Map: 100%|██████████| 10/10 [00:00<00:00, 114.17 examples/s]


In [89]:
data_collator = DataCollatorForLanguageModeling(
    tokenizer=tokenizer,
    mlm=False,
)

In [90]:
training_args = TrainingArguments(
    output_dir="./principle-model",
    per_device_train_batch_size=2,
    num_train_epochs=2,
    learning_rate=2e-4,
    logging_steps=5,
    save_strategy="no",
    report_to="none",
    fp16=torch.cuda.is_available(),
)


In [91]:
trainer = Trainer(
    model=model,
    args=training_args,
    train_dataset=tokenized_dataset,
    data_collator=data_collator,
)


In [92]:
trainer.train()

Step,Training Loss
5,5.9084
10,3.8226


TrainOutput(global_step=10, training_loss=4.865499114990234, metrics={'train_runtime': 0.4753, 'train_samples_per_second': 42.077, 'train_steps_per_second': 21.039, 'total_flos': 326620938240.0, 'train_loss': 4.865499114990234, 'epoch': 2.0})
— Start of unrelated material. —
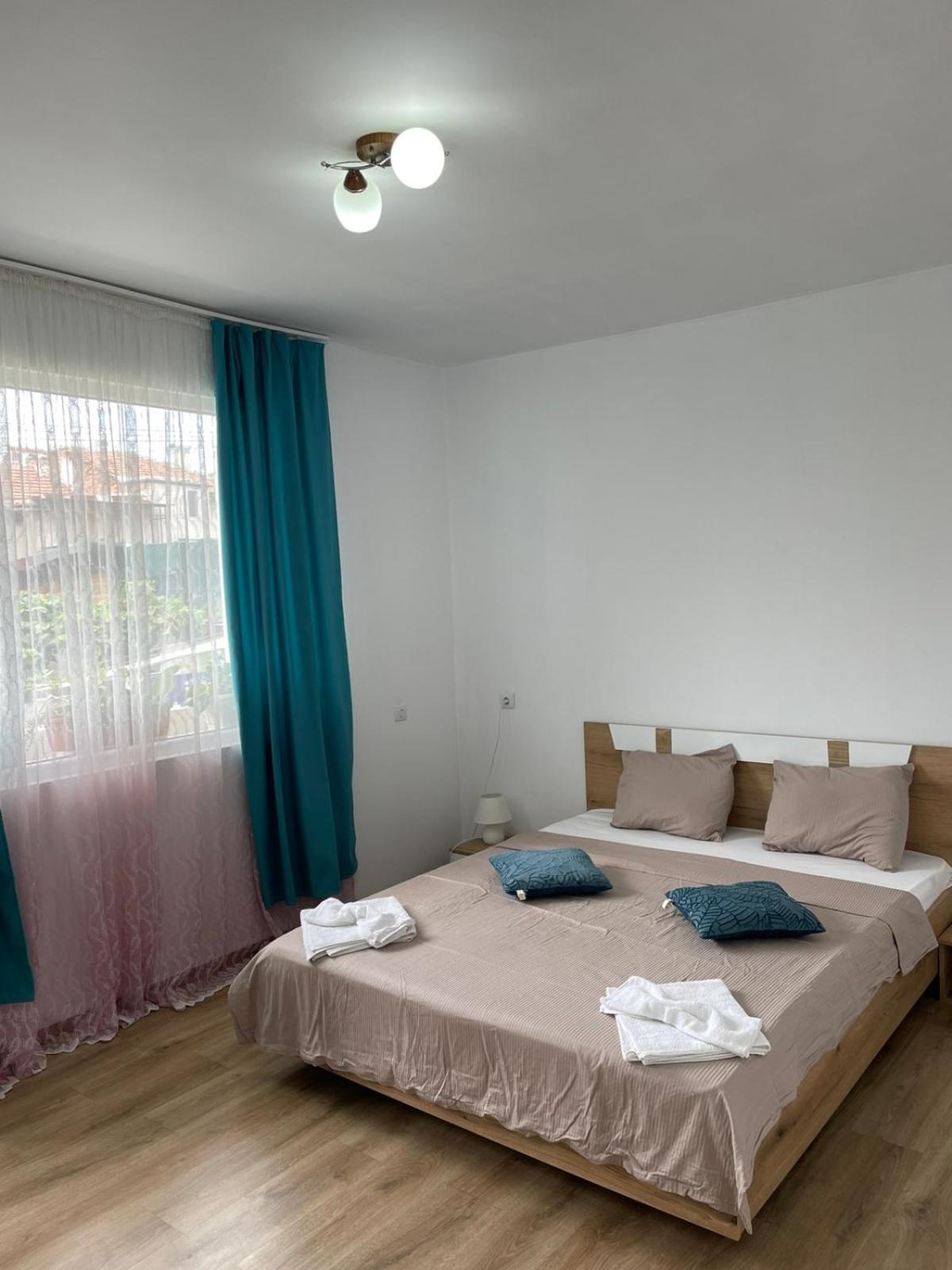 The Center Apartments Comfort Sandanski Luaran gambar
Before fine-tuning (base distilgpt2)

When prompted with:

```text
### TENET
```

the un-finetuned model has no strong prior for what should come next. As a result, it may:

Output blank lines or whitespace

Start an unrelated blog post or article

Produce generic or inconsistent text

This happens because ### TENET is not a common or well-defined pattern in the model's pretraining data.

In [94]:
base_model = AutoModelForCausalLM.from_pretrained("distilgpt2")

prompt = "### TENET\n"

inputs = tokenizer(prompt, return_tensors="pt")
output = base_model.generate(
    **inputs,
    max_new_tokens=30,
    do_sample=True,
)

print(tokenizer.decode(output[0], skip_special_tokens=True))

Setting `pad_token_id` to `eos_token_id`:50256 for open-end generation.


### TENET

A few weeks ago with the release of the Ubuntu 13.04 desktop environment I asked about some important changes in Ubuntu 13.04 LTS with


It did what we expected. It seems to be summarizing some article or blog post.

Let's try it with the finetuned model:

In [95]:
inputs = tokenizer(prompt, return_tensors="pt").to(model.device)

output = model.generate(
    **inputs,
    max_new_tokens=30,
    do_sample=True,
    temperature=0.7,
    repetition_penalty=1.2,
)

print(tokenizer.decode(output[0], skip_special_tokens=True))


Setting `pad_token_id` to `eos_token_id`:50256 for open-end generation.


### TENET
The key to the success of a society is that we are not, and our actions have consequences. The social order requires action rather than aggression as its


This works as we would expect: the model respects the ### TENET formatting and immediately follows it with a tenet-like statement. (There's still some incoherent text because we are using a very small dataset and only a few training examples, so the model hasn't fully generalized.)